▶ [Information supplied]:

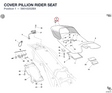 COVER PILLION RIDER SEAT
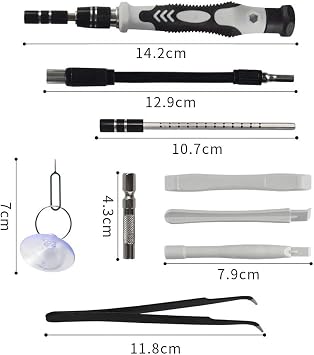 Precision 115 in 1 Small Screwdriver Set with 101 Precision Bits for Computer, Laptop, Phone, MacBook, iPhone, PS4, Xbox, Watch, Glasses, Ring Repair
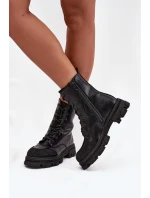 Šnurovanie vyšší model 219114 Krok v štýle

▶ [Task]: Begin at the line that contains "Precision 115 in" and transcribe every line through the end of the listing, exactly as written. Omit the pictures.

▶ [Solution]:
 Precision 115 in 1 Small Screwdriver Set with 101 Precision Bits for Computer, Laptop, Phone, MacBook, iPhone, PS4, Xbox, Watch, Glasses, Ring Repair
 Šnurovanie vyšší model 219114 Krok v štýle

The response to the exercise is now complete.